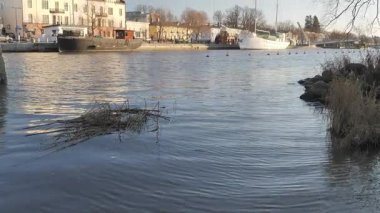 Porvoo.Finland-12 Aralık 2020: Porvoo Finland 'ın arka planında güzel mimari ve doğayı gösteren binalarla nehre daha yakın çekim. Kamera yavaşça yukarı doğru eğiliyor.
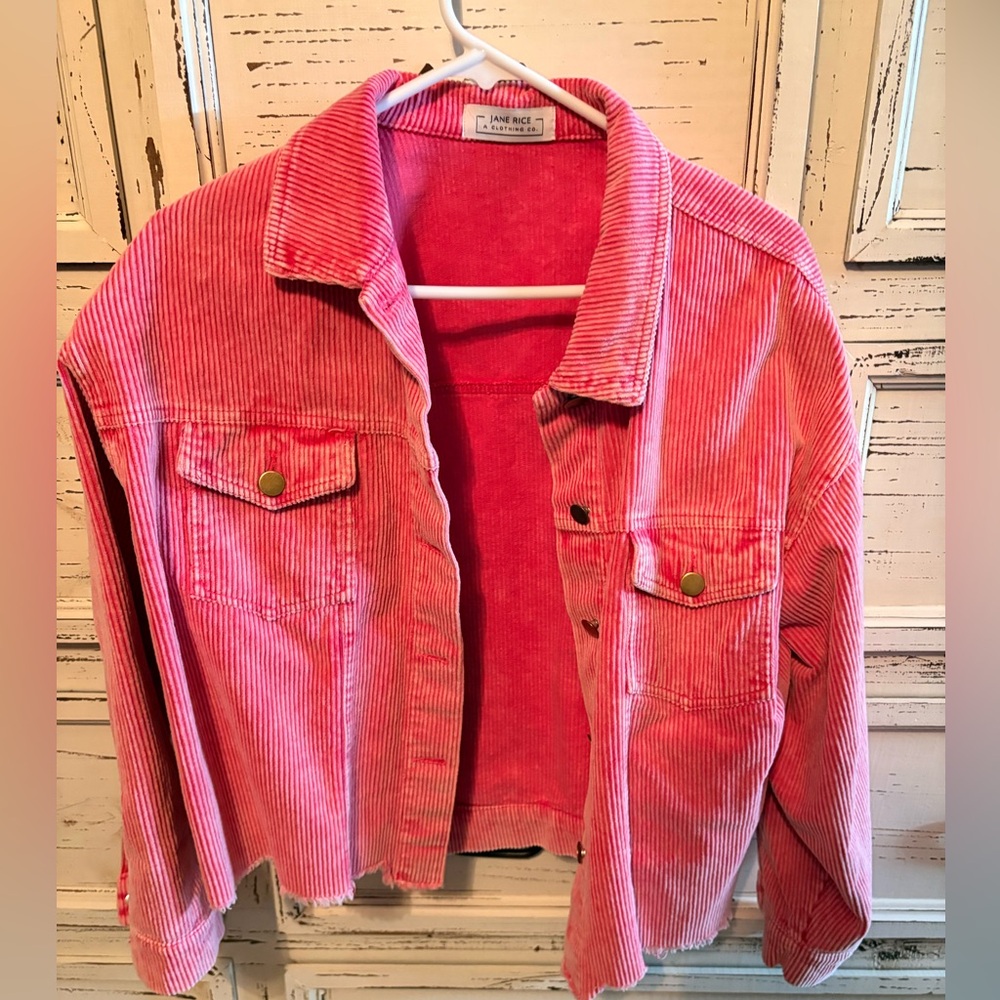 Jane Rice vintage-washed pink corduroy jacket with a raw, distressed hem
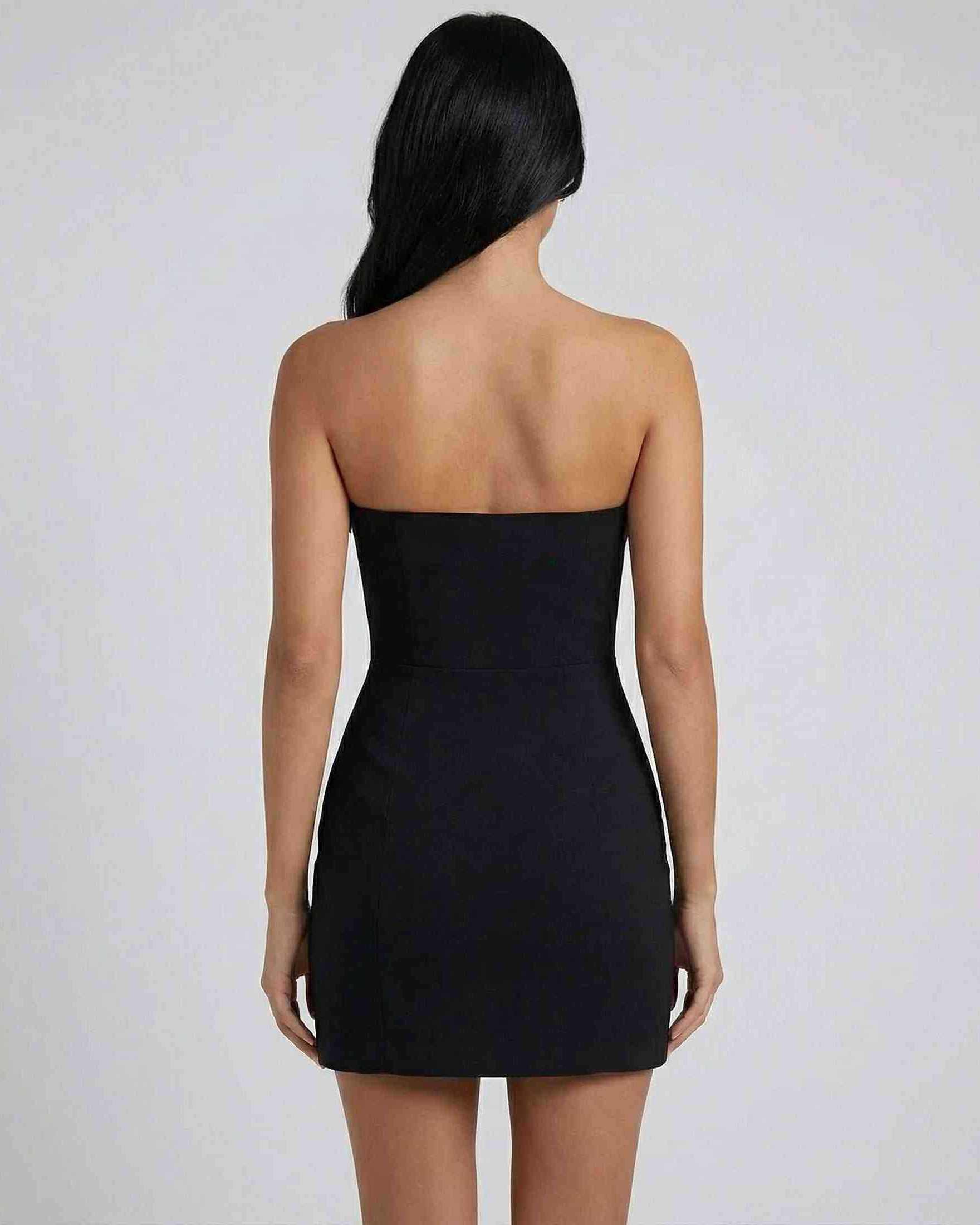 Back view of a model wearing a Lauven Valencia Mini Dress with strapless bow detail and a slim sheath silhouette.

• [Exercise objective]
Could you print the data exactly as it appears and keep the pictures out?

• [Problem solution]
 Porvoo.Finland-12 Aralık 2020: Porvoo Finland 'ın arka planında güzel mimari ve doğayı gösteren binalarla nehre daha yakın çekim. Kamera yavaşça yukarı doğru eğiliyor.
 Jane Rice vintage-washed pink corduroy jacket with a raw, distressed hem
 Back view of a model wearing a Lauven Valencia Mini Dress with strapless bow detail and a slim sheath silhouette.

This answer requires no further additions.